Charlie Baumann

No. 6, 7, 8, 12
- Position: Placekicker

Personal information
- Born: August 25, 1967 (age 58) Erie, Pennsylvania, U.S.
- Listed height: 6 ft 1 in (1.85 m)
- Listed weight: 203 lb (92 kg)

Career information
- High school: Cathedral Prep (Erie, Pennsylvania)
- College: West Virginia (1985–1988)
- NFL draft: 1989 (undrafted)

Career history
- Buffalo Bills (1989); Minnesota Vikings (1989)*; Seattle Seahawks (1990)*; Orlando Thunder (1991); Miami Dolphins (1991); New England Patriots (1991–1992); New York Jets (1994)*; Pittsburgh Steelers (1994)*; Baltimore Stallions (1994); Orlando Predators (1996–1997);
- * Offseason or practice squad member only

Career NFL statistics
- Games played: 25
- Field goals made/attempted: 20/29
- Field goal percentage: 69
- Longest field goal: 48
- Extra points made/attempted: 37/40
- Points scored: 97
- Stats at Pro Football Reference

= Charlie Baumann =

American football placekicker (born 1967)

Bruce Charles "Charlie" Baumann (born August 25, 1967) is an American former professional football placekicker. He appeared in 25 regular-season games in the National Football League (NFL) for the Miami Dolphins and New England Patriots during the 1991 and 1992 seasons. Baumann made 20 of 29 field-goal attempts and 37 of 40 extra-point attempts, scoring 97 points.

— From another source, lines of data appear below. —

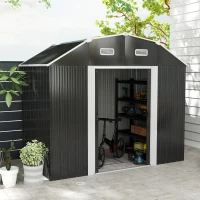 Outsunny Abrigo de Jardim 2,7 m² 238x132x198,5 cm com Base Prateleiras Ajustáveis 2 Portas e 2 Janelas de Ventilação Cinza Escuro(m-2)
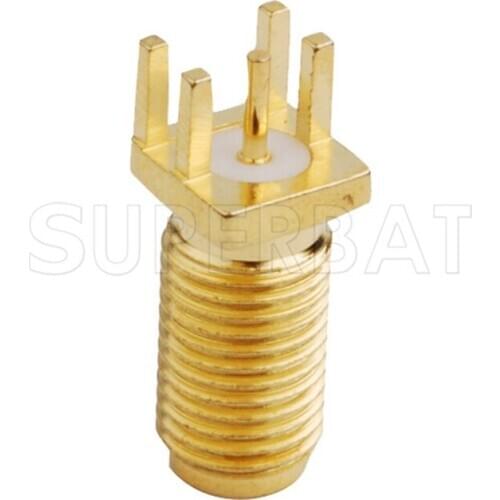 Superbat 10pcs RP-SMA End Launch Jack PCB Mount Long Version RF Coaxial Connector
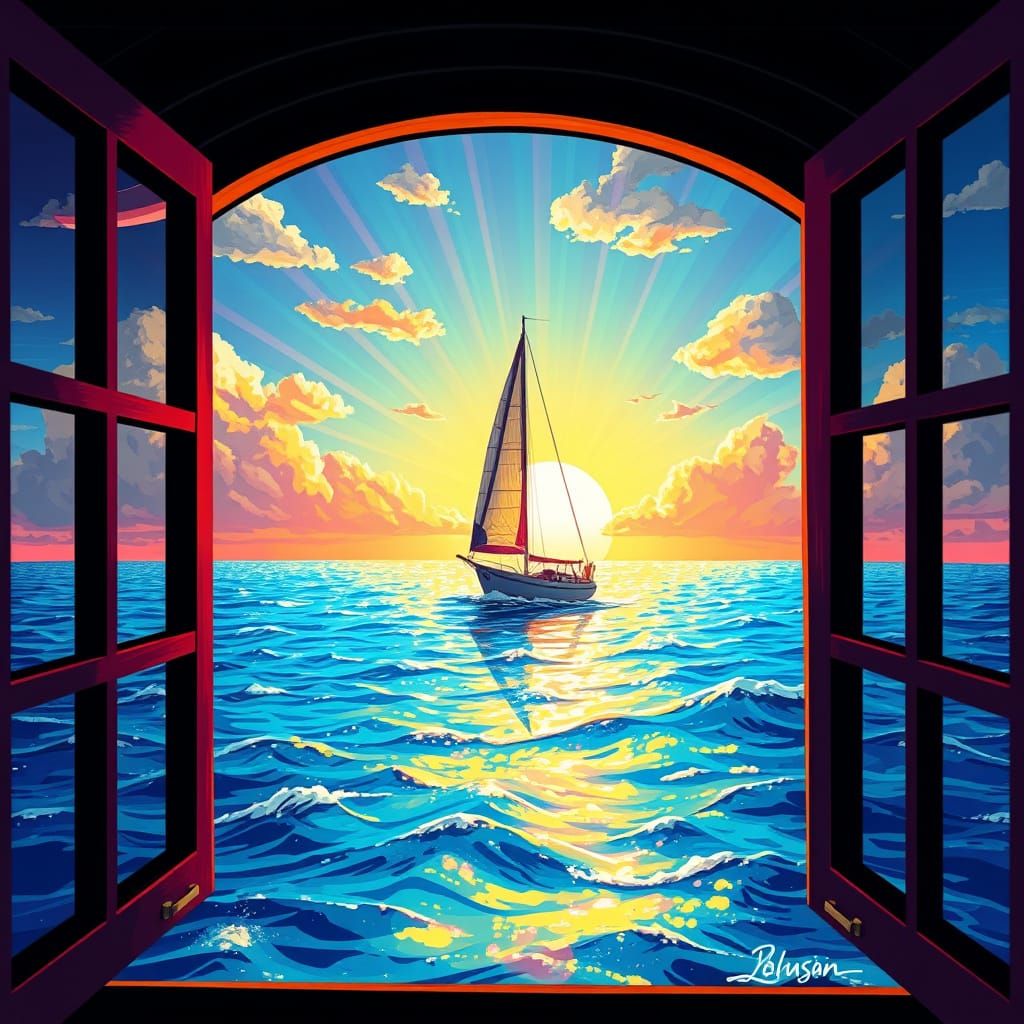 Whimsical Sailboat Scene in Vibrant Sunset Colors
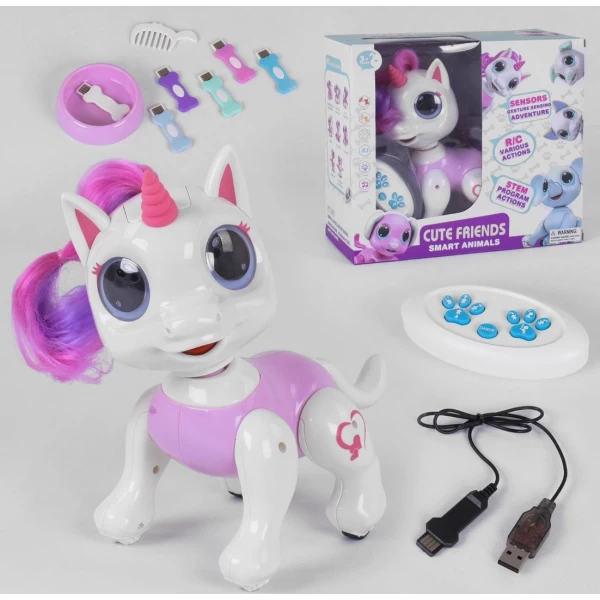 Інтерактивна іграшка STEM Єдиноріг на р/к виконує команди, сенсорне управління (8316 A)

Baumann played college football for the West Virginia Mountaineers from 1985 through 1988, earning four varsity letters. In 1988, he made 20 of 27 field-goal attempts and later kicked two field goals in West Virginia's 34–21 loss to Notre Dame in the 1989 Fiesta Bowl. His professional career also included the Orlando Thunder of the World League of American Football, the Baltimore Football Club of the Canadian Football League, and the Orlando Predators of the Arena Football League. He was inducted into the Erie Sports Hall of Fame in 2007.

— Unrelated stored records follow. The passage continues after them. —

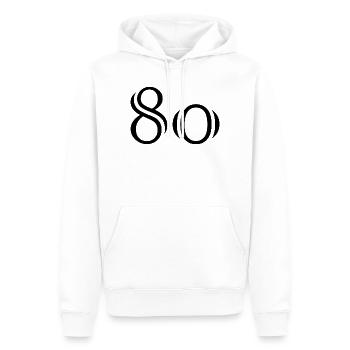 80. 80 JAHRE. 80. JUBILÄUM. 80-JAHRES-JUBILÄUM. - Männer Premium Bio Hoodie - Weiß - Vorne - Nico (187cm)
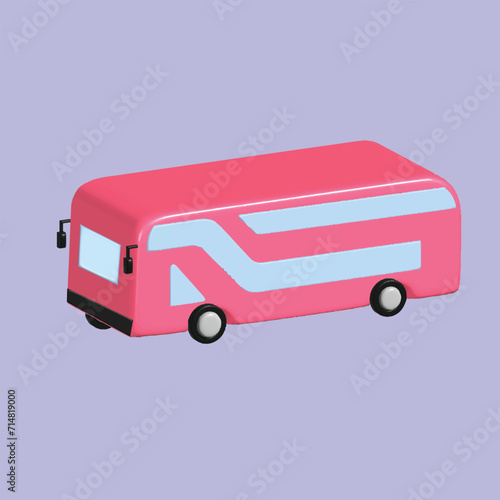 Modern Bus. Land transportation concept . Realistic 3d object cartoon style. Vector colorful illustration. 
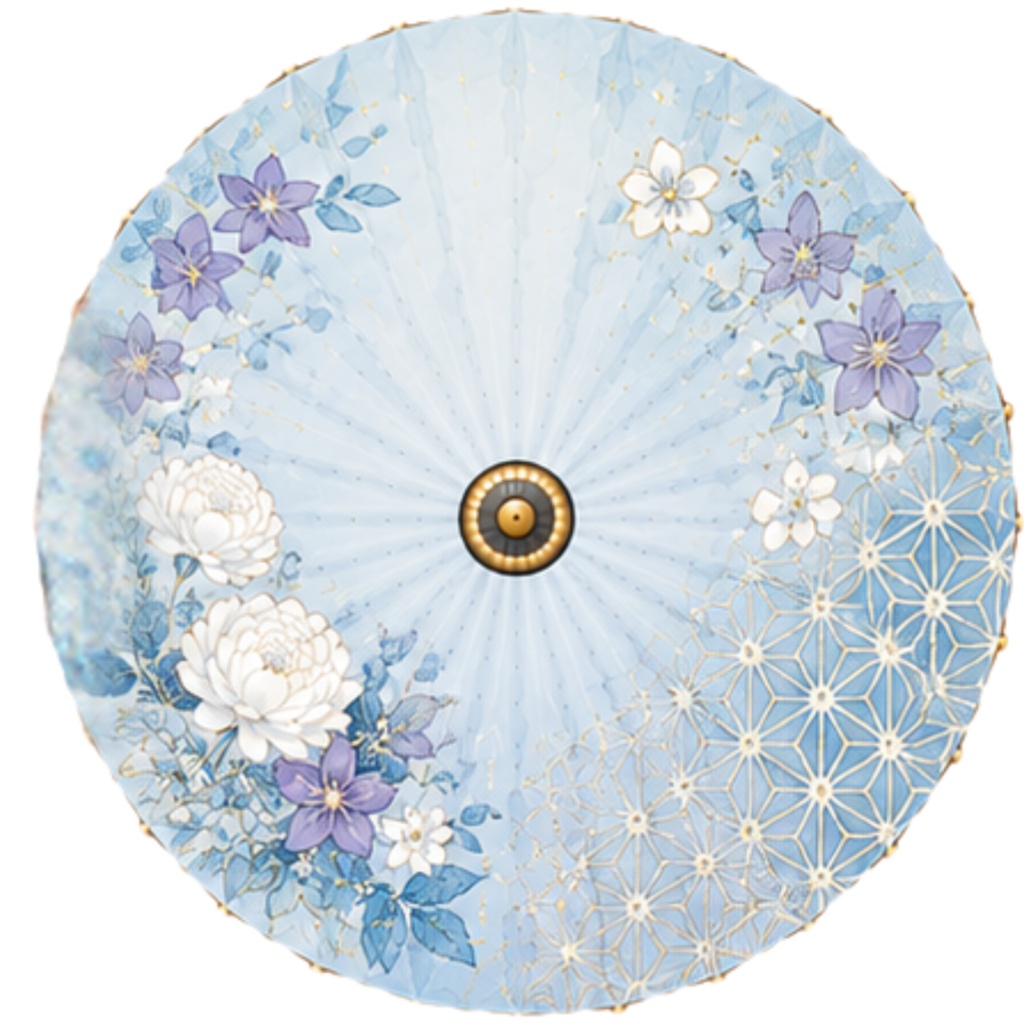 和傘クリップアート素材集|青系|Japanese Wagasa Clipart 25PNG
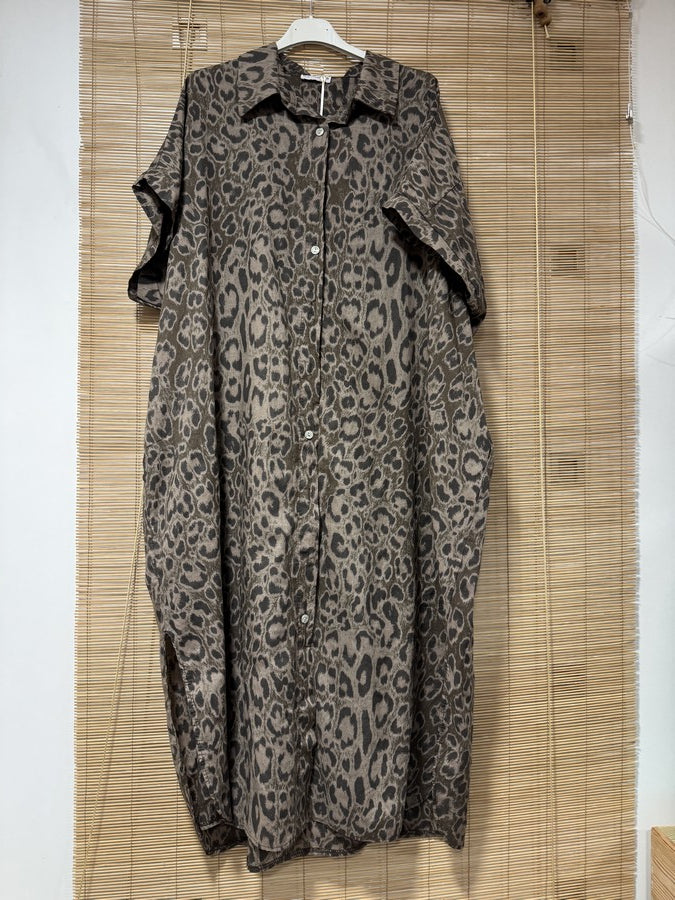 GRANDE TAILLE - Robe chemise léopard marron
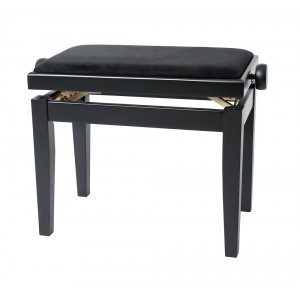 GEWA Piano bench GEWA Piano Deluxe Black matt Black cover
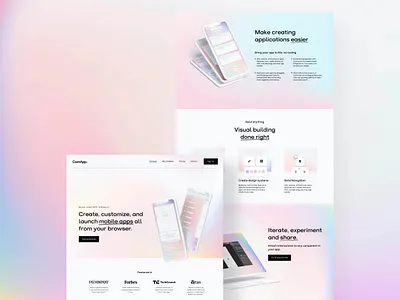 ComApp. Webdesign Concept adobexd app gradient minimal mobile uiux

==Early life and college career==

Baumann was born in Erie, Pennsylvania, and attended Cathedral Preparatory School. He led the school's football team in scoring in each season from 1982 through 1984, making 87 of 93 extra-point attempts and six of 12 field-goal attempts. In 1984, he kicked a 50-yard field goal that set a record at Erie Veterans Memorial Stadium. He subsequently received an athletic scholarship to West Virginia University.

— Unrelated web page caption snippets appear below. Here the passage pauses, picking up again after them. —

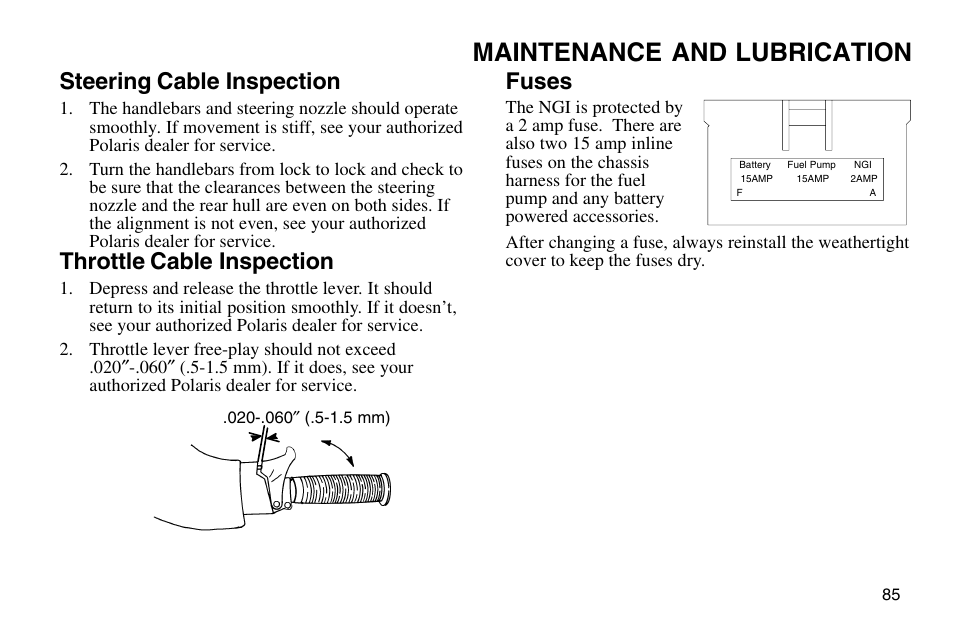 Maintenance and lubrication, Steering cable inspection, Throttle cable inspection | Fuses | Polaris 2003 MSX User Manual | Page 87 / 114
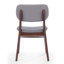 Ensemble de 2 chaises de salle à manger rembourrées Mid-Century avec structure en bois d'hévéa, noyer / gris clair-2142786148-2142786155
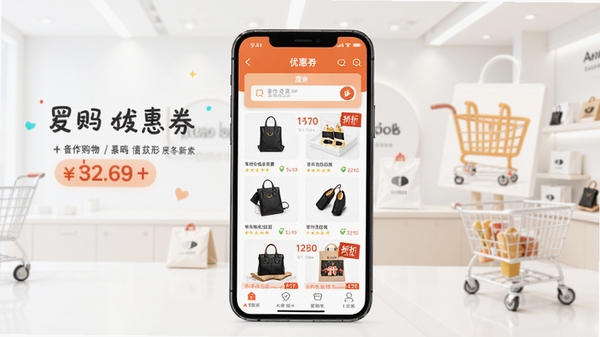 ������Ա��APP��ҳչʾ�Ż�ȯ�������棬�ֻ���Ļ����ʾ�������ƽ̨��Ʒ�б����ۿ۱�ǩ������Ϊ�������Ĺ���������ͻ��ʡǮ�����Χ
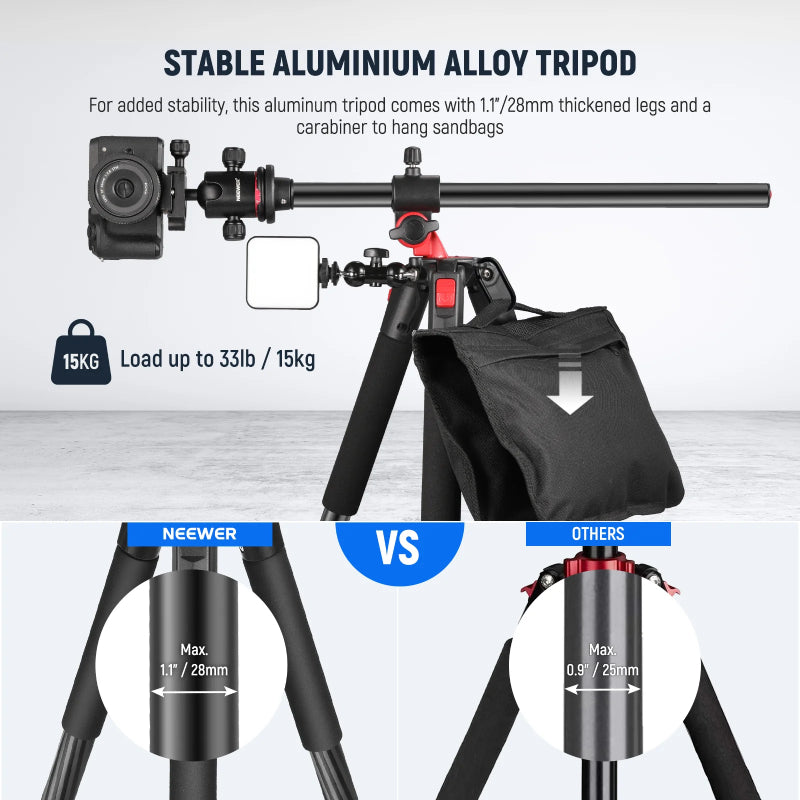 NEEWER N284L+G0 Camera Tripod Monopod - Black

Baumann earned four varsity letters at West Virginia from 1985 through 1988 and served as the Mountaineers' starting placekicker in 45 games. He made 52 of 70 field-goal attempts during his college career and was a co-captain as a senior. In 1988, Baumann made 20 of 27 field-goal attempts. He concluded his college career in the 1989 Fiesta Bowl, making field goals of 29 and 31 yards and one extra point in West Virginia's 34–21 loss to Notre Dame. Baumann graduated from West Virginia in 1990.

==Professional career==

Baumann signed with the Buffalo Bills in 1989 but was released during the final roster cuts. He subsequently spent a brief period on the Minnesota Vikings' developmental squad. Baumann joined the Seattle Seahawks during the 1990 offseason but was released before the season began. He did not appear in a regular-season game for any of the three teams.

In 1991, Baumann played all ten games for the Orlando Thunder of the World League of American Football. He made 10 of 16 field-goal attempts and 24 of 26 extra-point attempts, scoring 54 points. After Orlando's season, he signed with the Miami Dolphins. Baumann appeared in the first two games of Miami's 1991 season and converted both of his field-goal attempts and all six of his extra-point attempts. His 48-yard field goal against the Detroit Lions was the longest of his NFL career. Miami released him in September.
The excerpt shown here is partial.